Sunday, October 17, 2010

The Devil's Garage Sale

The economy is pretty bad these days and even the devil can use a break, so I heard he was holding a garage sale recently to make some extra money. He was selling, among other things, all of his special weapons to tempt man....all but one. There was a special box he did not include in the sale because that was his most important weapon and he couldn't do his job without it. Guess what was in the box? It was "despair." Once he hits a poor soul with despair, he is fried. No hope means no praying. What for? If there is no hope of a prayer being answered, despair leads you in all sorts of different ways, but never in the way to the light. Clever Lucifer!

So this was a joke I heard in church last Sunday. I don't particularly write much about sermons and I don't preach. I just tell a bit of my life, my thoughts and a lot of the crazy things that go on inside my head. This stuff I heard did not just came and went from my head - it stayed inside and it has been going around in circles. The devil of the story was right on the money. Despair IS indeed, the best deterrent from a life of prayer. Regardless of religion, any person who believes in a superior being prays in one way or another, mainly because we want to have hope, - well, I already wrote once about hope so I am not writing about that again - we want to believe that things will eventually get better. And they do. Eventually, they do; if you wait long enough. Now, if you are not willing to wait, somehow things do get a bit, let's say, bleak. Despair sets in. The Devil is in business.

When I moved to Seattle, I heard so many stories about how EVERYONE got depressed here at one point or the other. I heard that, statistically speaking, Seattle is the city where more suicides happen in the United States. This is eerie, I don't argue with that but I always wondered what exactly can get a person so desperate and so sad that they decide dying is better than any form of life. Even when I think I might consider this alternative if I am terminally ill, in a lot of pain, or hopelessly dying, even then, I wouldn't choose to kill myself. I guess it's just genetics and I will never be able to relate to that choice, made by others in such high percentages. I like to think that rather than it being a genetic thing it's a "hope-prayer" thing. It has been very few and far in between the times when I have hit rock bottom but even at the bottom of the hole, I always managed to get some sort of rope sent down to me from up above and I never despaired, and when I did, it was usually momentary insanity - nothing that a little praying couldn't take care of to get me back on track.

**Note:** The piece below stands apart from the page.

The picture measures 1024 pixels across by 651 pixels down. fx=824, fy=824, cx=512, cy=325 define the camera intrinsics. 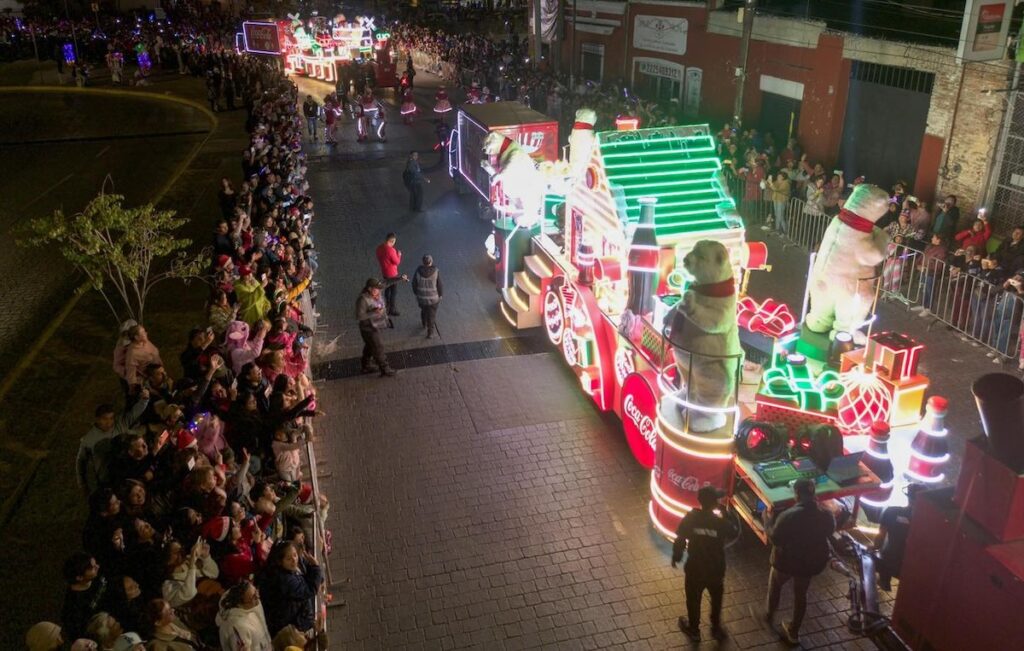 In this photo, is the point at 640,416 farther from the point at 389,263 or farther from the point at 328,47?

Prayer. This word is not politically correct lately. Nobody wants to be told what to do, what to say and what to believe in. Granted, it's a free country and unless there is "something in it" for us, we really don't want to be bothered. Well, there IS something in it for you when you pray. You might not get the answer you want, but you do get an answer. The most important thing that happens when you pray, meditate, count your beads or chant, is not the answer from God, it's that you stopped and went inside your own self to get the balance you need to wait, to make a plan, to get patience, to endure. The strength that comes from finding your center is the harmony that comes from praying. The best thing of praying is prayer itself and no devil can ever make you despair if you can find the answer to your questions within your own spirit.